セルヴィが圧倒されている間に、アルヴィンが教室に入り、子どもの列を覗き込んでいた。
「こんにちは。美味しそうだね」
「うん! 今日はオムレツ!」
「あとチキンカレー!」
「オレ絶対おかわりするんだ!」
「わたしも!」
子どもたちは給食を楽しみにしているようで、まだ食べてもいないのに、既におかわり戦争が勃発している。子どもたちがやいのやいの言うので、アンジェロが割って入った。
「こら、お客様の前でみっともない事でケンカするな。あと配膳台の前で喋るな。食缶に唾入ったら汚ねぇだろ」
子どもたちの顔には「ヤベ、理事長先生が怒った」と書いてある。すぐに子どもたちはしおらしくなって、列に戻った。これにはアルヴィンも苦笑してしまった。
「ごめんね、俺が話しかけたせいで怒られちゃったね。理事長先生、今日は俺に免じてこの子達は許してあげてください」
「ええ」
二人で笑って子どもたちを見て、子どもがアンジェロを見つめている。それにアンジェロも笑い返した。

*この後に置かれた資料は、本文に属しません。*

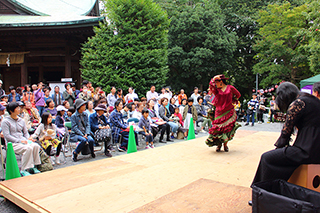 フラメンコ演舞｜平尾八幡宮奉納秋祭り｜ひらぐらフェスティバル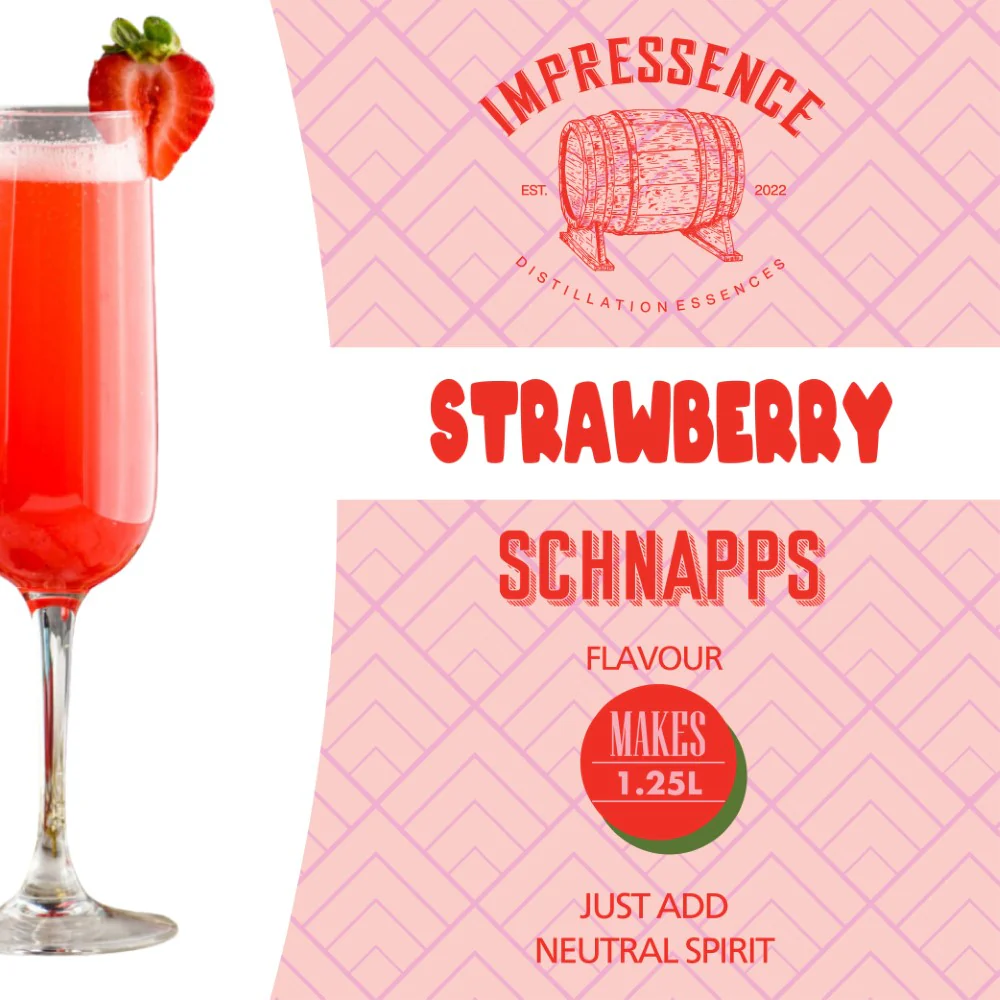 Impressence - Strawberry Schnapps Spirit Flavouring - 50mL - Image 2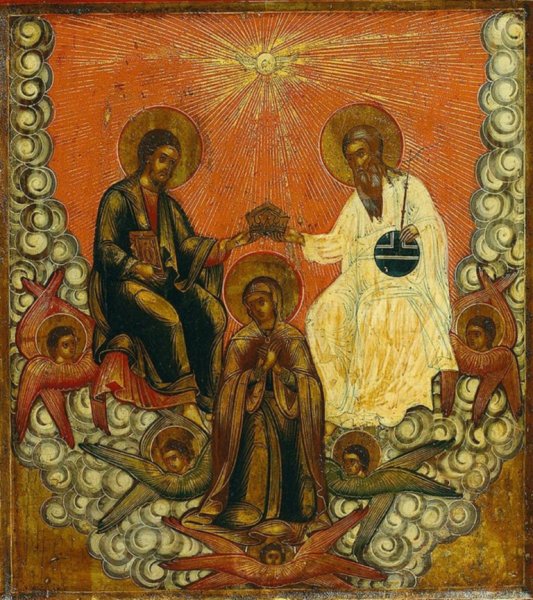 Коронование Девы Марии икона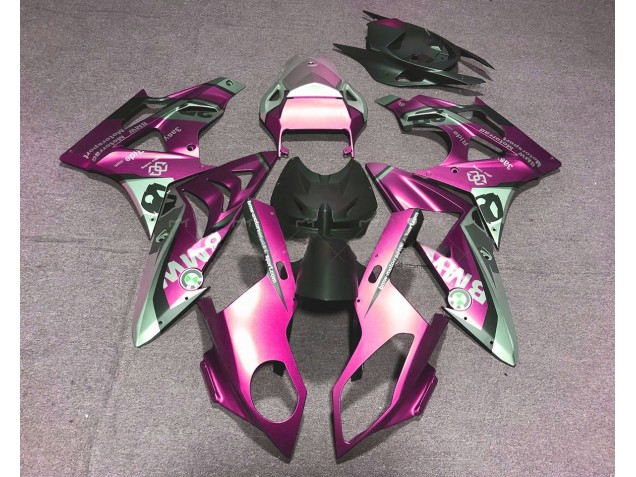 Aftermarket 2009-2018 Matte Pink Motorrad BMW S1000RR Motorcycle Fairings Aftermarket 2009-2018 Matte Pink Motorrad BMW S1000RR Motorcycle Fairings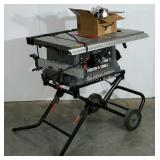Portable table saw, Porter Cable, works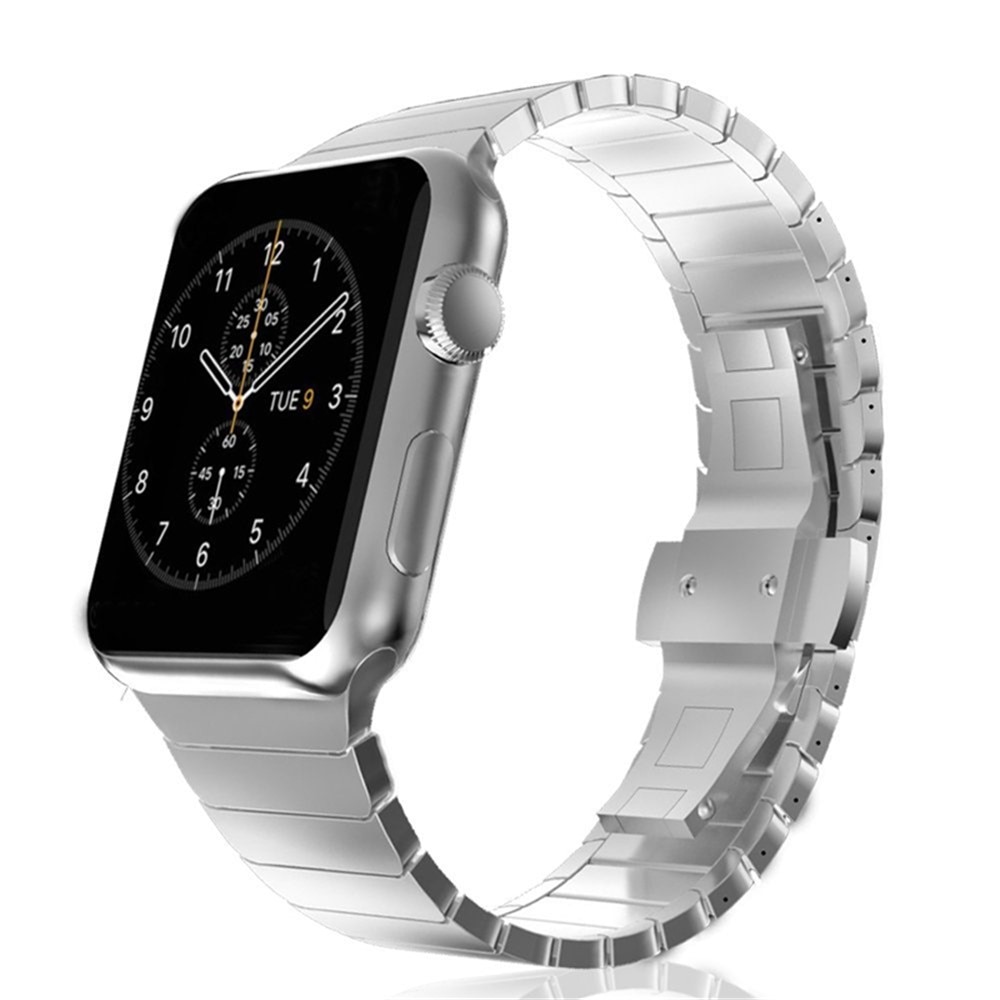 Bracelet mailllon Apple Watch 44mm, argent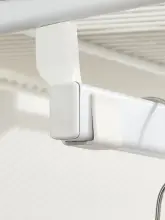 Zaślepka do drążka Matte white, para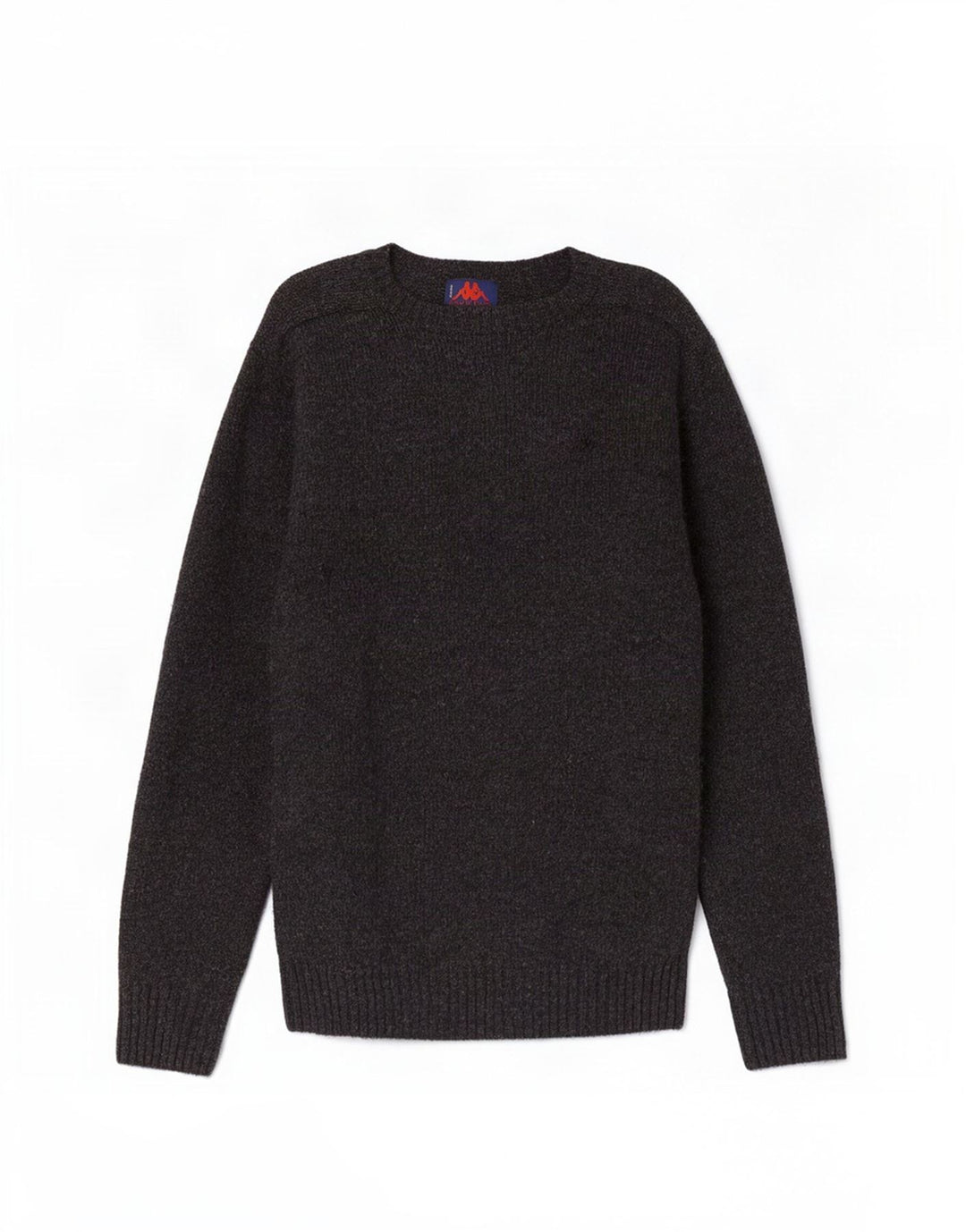 Kappa Mens Crew Neck Jumper Sweater Large Grey Wool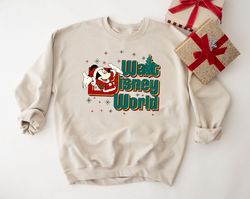Vintage Walt Disney World Christmas Shirt, Disney Vacation Shirt, Disneyland Christmas Shirts, Mickey Very Merry Christm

「怒って悪かった。でも今度からは気をつけろよ。ちゃんとおかわりはあるから、ケンカするなよ。みんなで仲良く分けるんだぞ」
「はーい!」
子どもたちが元気よく返事をしたのを見届けて、セルヴィ達も教室から出ていった。
なんだか素直でいい子たちだ。自分も子どもの頃はあんなに素直だっただろうかと考えると、やや疑問だ。セルヴィは移民なので、両親の祖国にちなんだ教育を施されたが、そのせいかギリシャ人とソリが合わないこともあった。勿論最初から差別的な扱いをされたせいもあるが、ある程度仲良くなった相手ですら、「うーん……」と思う事は多々あった。

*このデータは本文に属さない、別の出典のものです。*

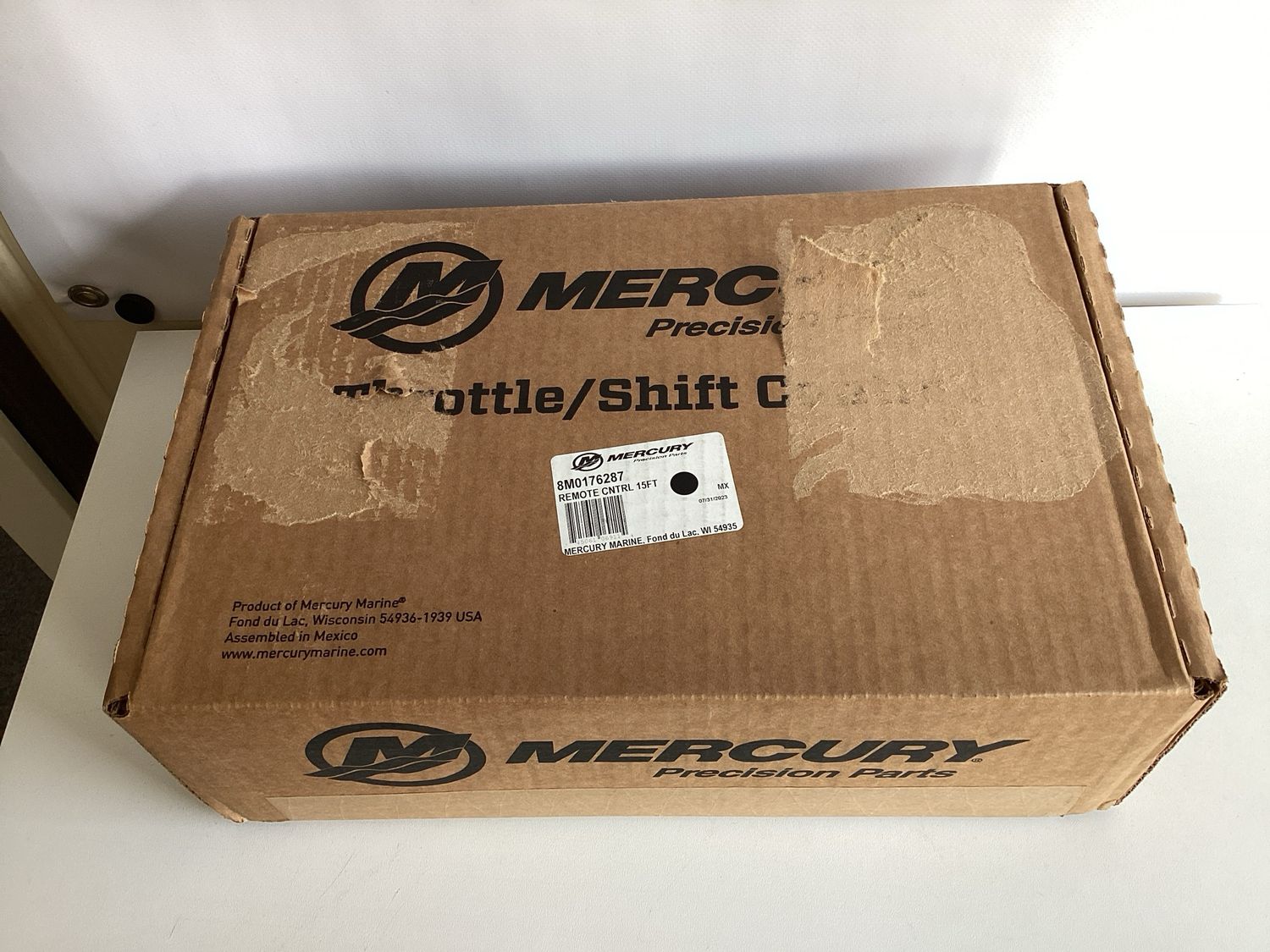Mercury 8M0176287 Remote Control 15ft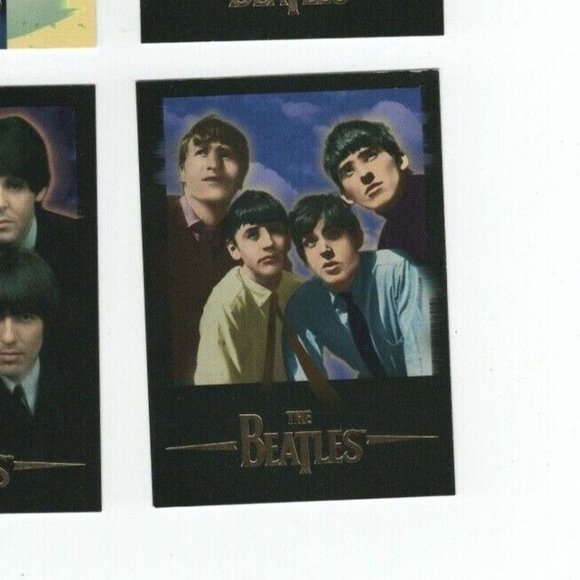 4 Mint Condition Apple Corps LTD Sports Time Inc Vintage 96 Beatles Trading Card - Picture 10 of 10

ギリシャ人の性格といえば、とにかく陽気で人懐っこくて、いつもしゃべりまくっている。親切で愛情深く、心が温かい。
あらゆる物事を大げさに話し、しゃべらない人は嫌われる。さらには、ギリシャ神話など歴史的な遺産が多いせいか、この世界の中心は自分だと考えている。
また、約束に対しては非常にルーズであり、時間は全く守らない。極めつけは、ギリシャでは嘘をつくことは、そんなに悪いこととは考えられていないので、
非常に気軽に嘘をつく。何か問題が起こったら口先で解決しようとするので、呼吸するように嘘をつきまくる。
そこまで考えて、セルヴィはちょっと気が遠くなる。
(これはダメだ。ギリシャ人、本当にクズだ……教育改革必須)
アルヴィンも(彼はローマ人だが)似たような事を考えていたようで、二人は教育改革について、その後アンジェロに熱心に指導してもらった。